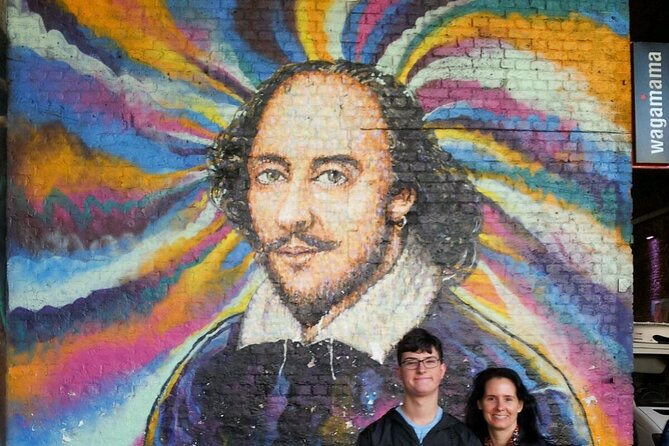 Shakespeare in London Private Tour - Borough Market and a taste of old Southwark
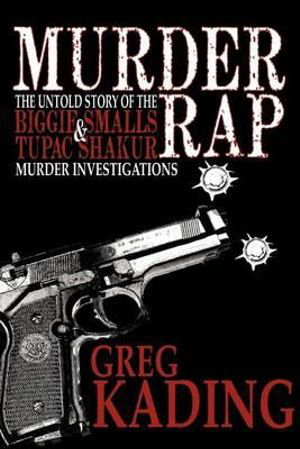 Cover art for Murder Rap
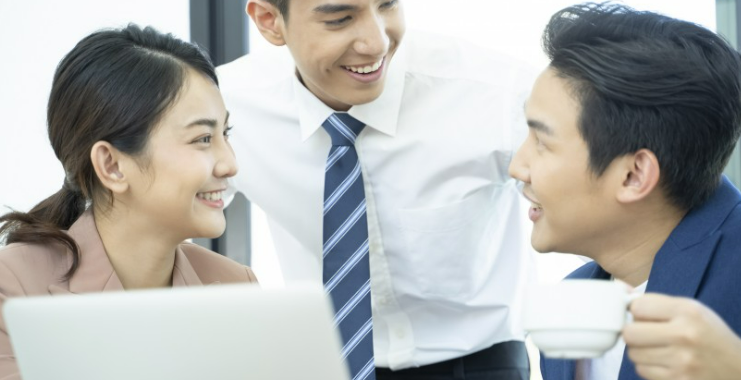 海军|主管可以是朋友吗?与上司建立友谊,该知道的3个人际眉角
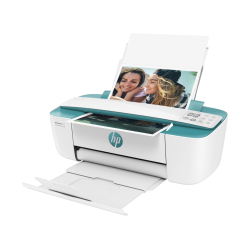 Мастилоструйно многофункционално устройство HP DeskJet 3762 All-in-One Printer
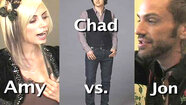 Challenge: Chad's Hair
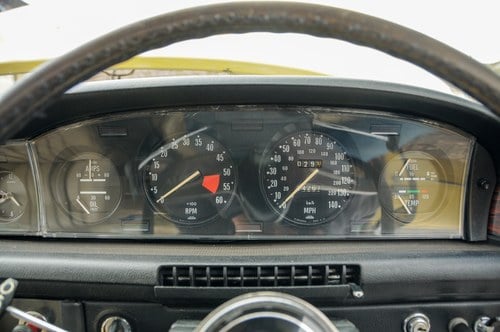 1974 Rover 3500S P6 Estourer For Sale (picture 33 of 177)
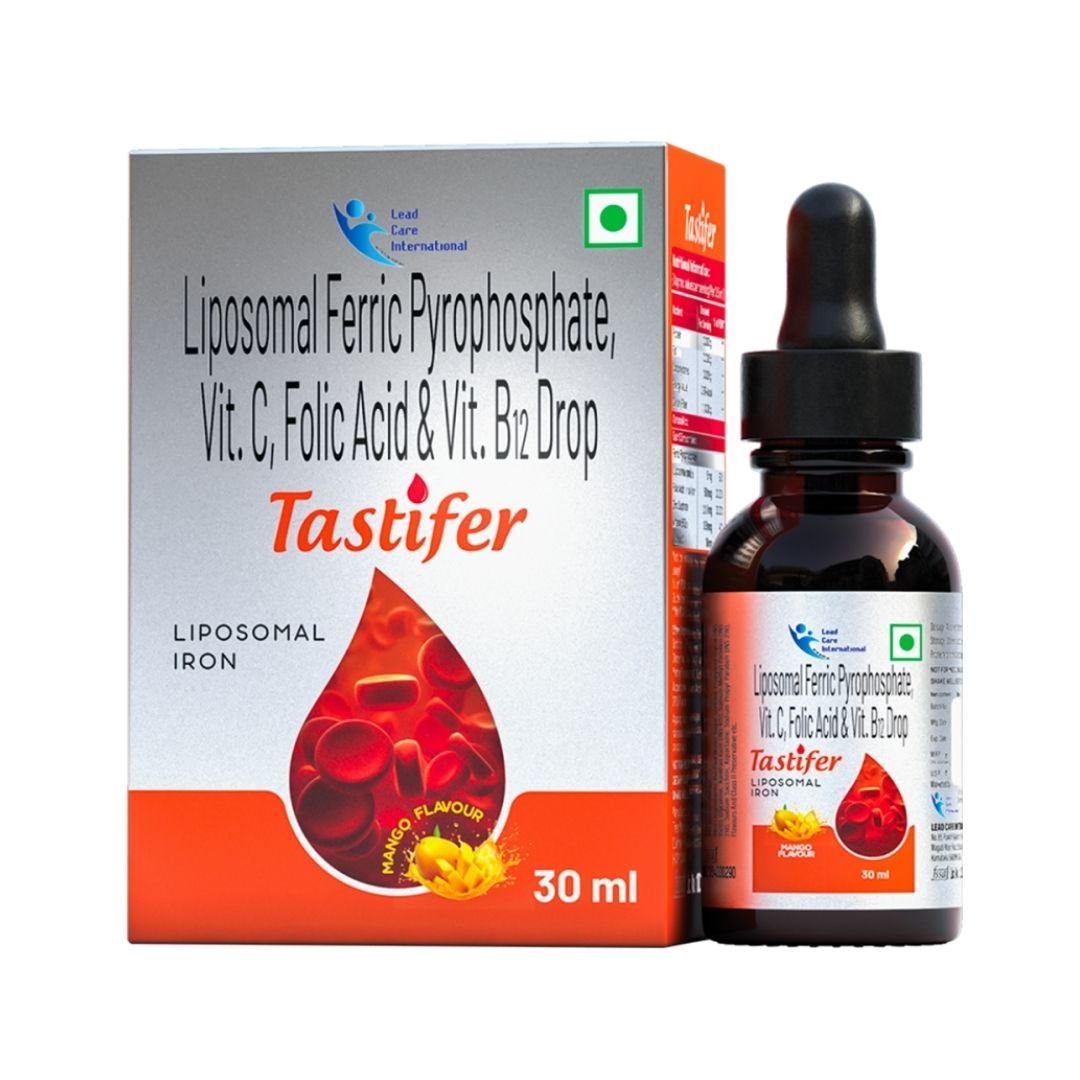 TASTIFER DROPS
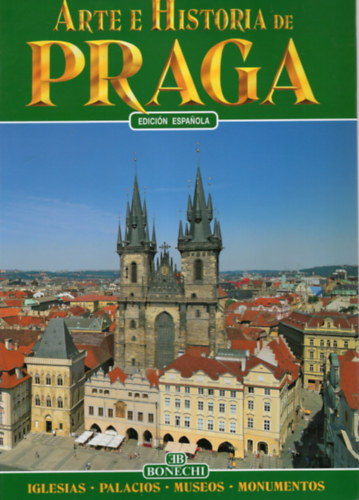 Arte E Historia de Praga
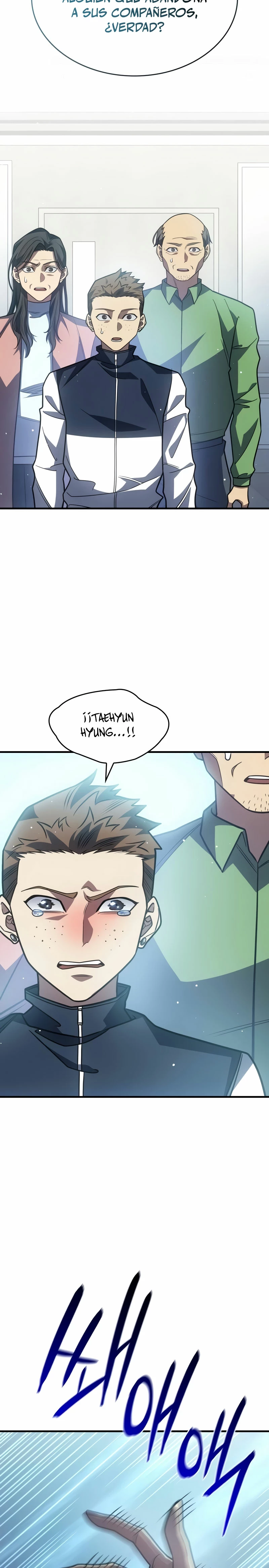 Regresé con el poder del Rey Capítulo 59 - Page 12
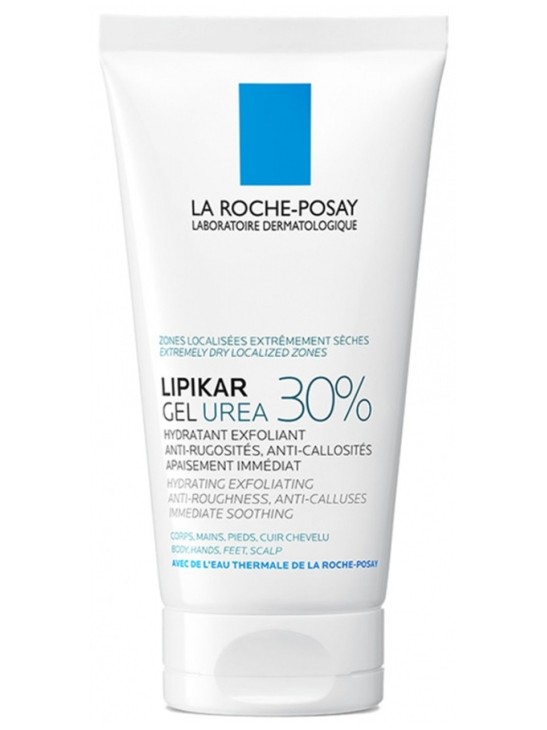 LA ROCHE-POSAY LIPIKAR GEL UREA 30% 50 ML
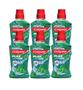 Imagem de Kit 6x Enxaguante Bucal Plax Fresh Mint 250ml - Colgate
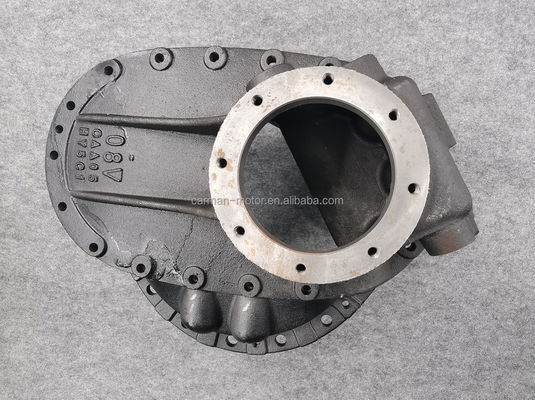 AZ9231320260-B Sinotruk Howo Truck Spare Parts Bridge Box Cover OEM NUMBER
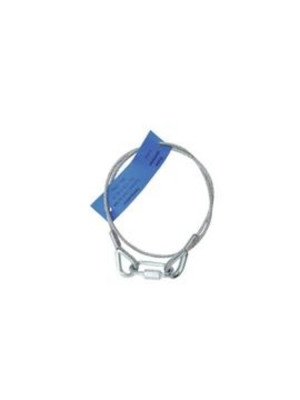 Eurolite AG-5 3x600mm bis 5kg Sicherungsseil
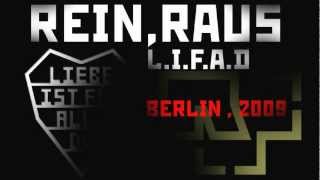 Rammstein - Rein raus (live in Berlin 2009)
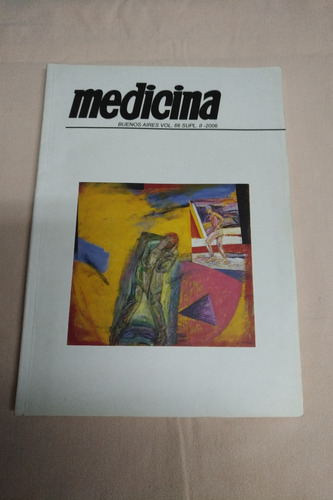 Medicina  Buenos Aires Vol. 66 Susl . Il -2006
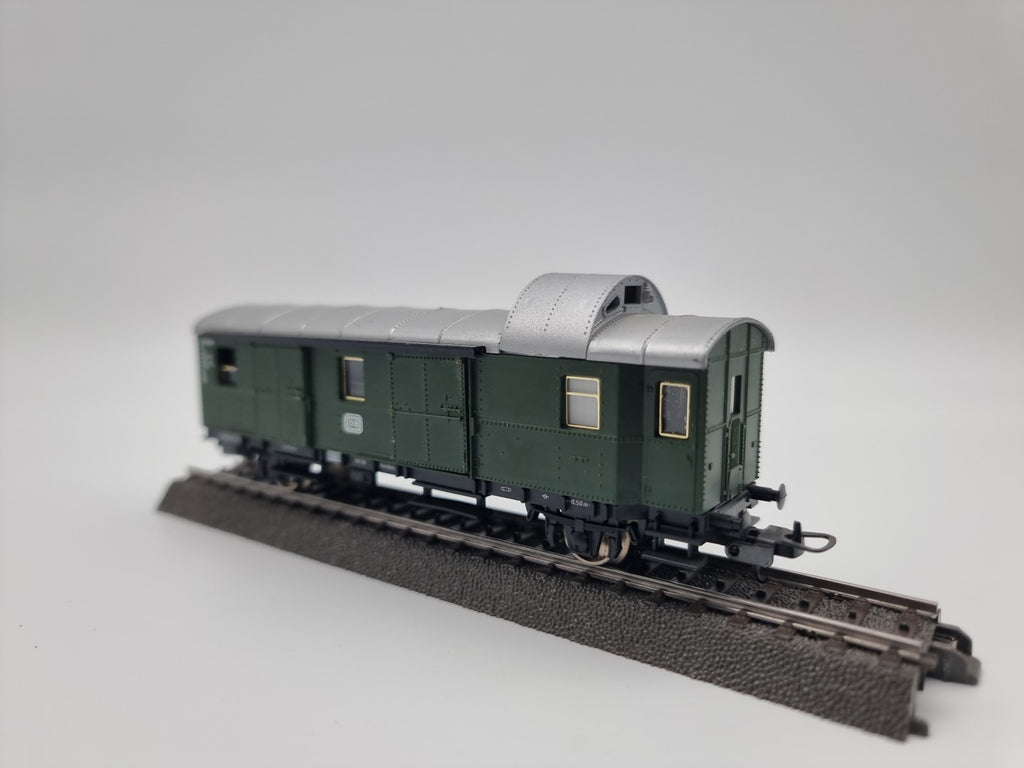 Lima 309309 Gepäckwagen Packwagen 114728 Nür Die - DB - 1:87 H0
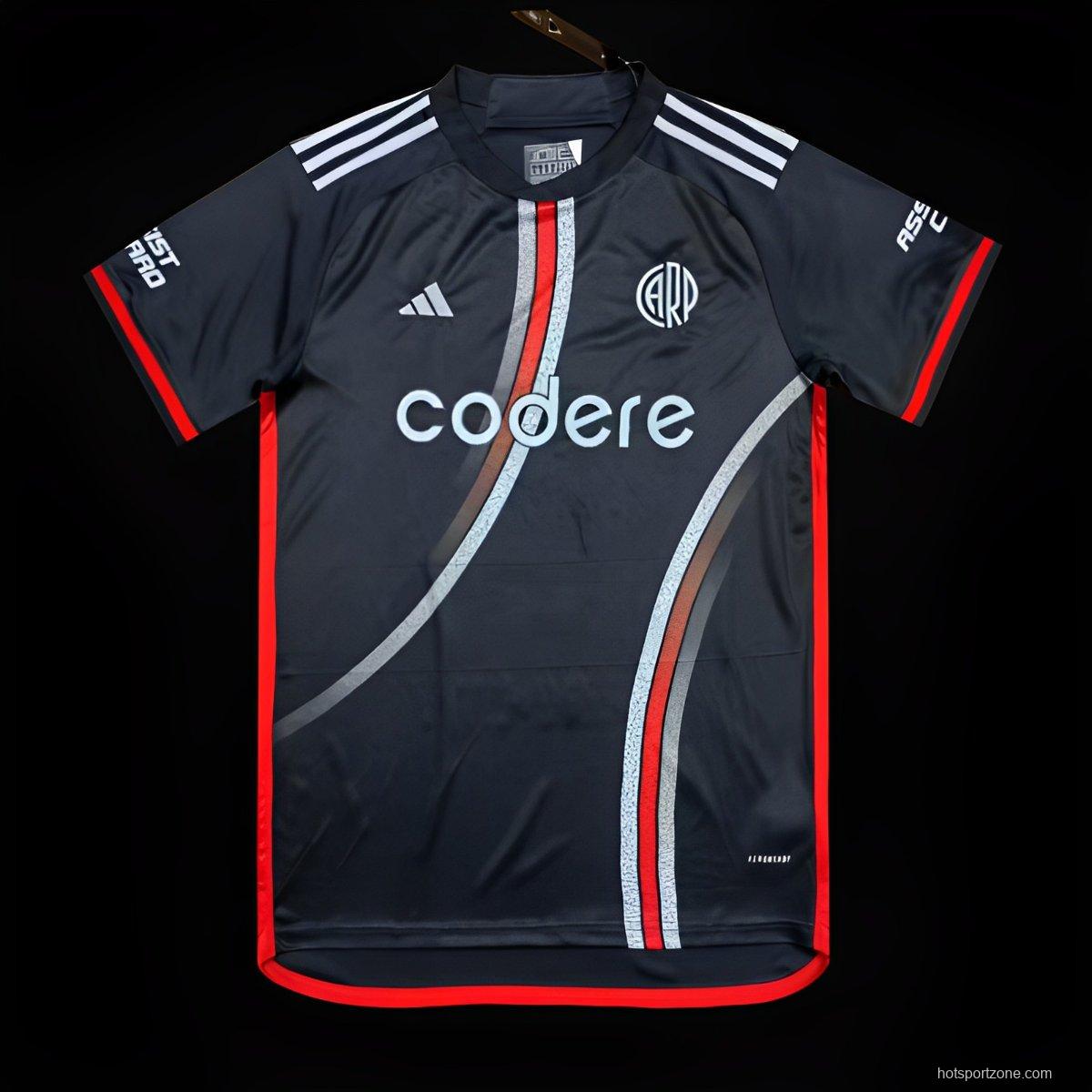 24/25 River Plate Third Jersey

• _THE PROBLEM_
Everything above from the line containing "Arte E Historia de Praga" down to the line containing "Eurolite AG-5 3x600mm bis 5kg Sicherungsseil" is to be duplicated exactly, both lines included, and the pictures are to be omitted.

• _FINISHED EXERCISE_
 Arte E Historia de Praga
 Regresé con el poder del Rey Capítulo 59 - Page 12
 LA ROCHE-POSAY LIPIKAR GEL UREA 30% 50 ML
 Imagem de Kit 6x Enxaguante Bucal Plax Fresh Mint 250ml - Colgate
 AZ9231320260-B Sinotruk Howo Truck Spare Parts Bridge Box Cover OEM NUMBER
 Eurolite AG-5 3x600mm bis 5kg Sicherungsseil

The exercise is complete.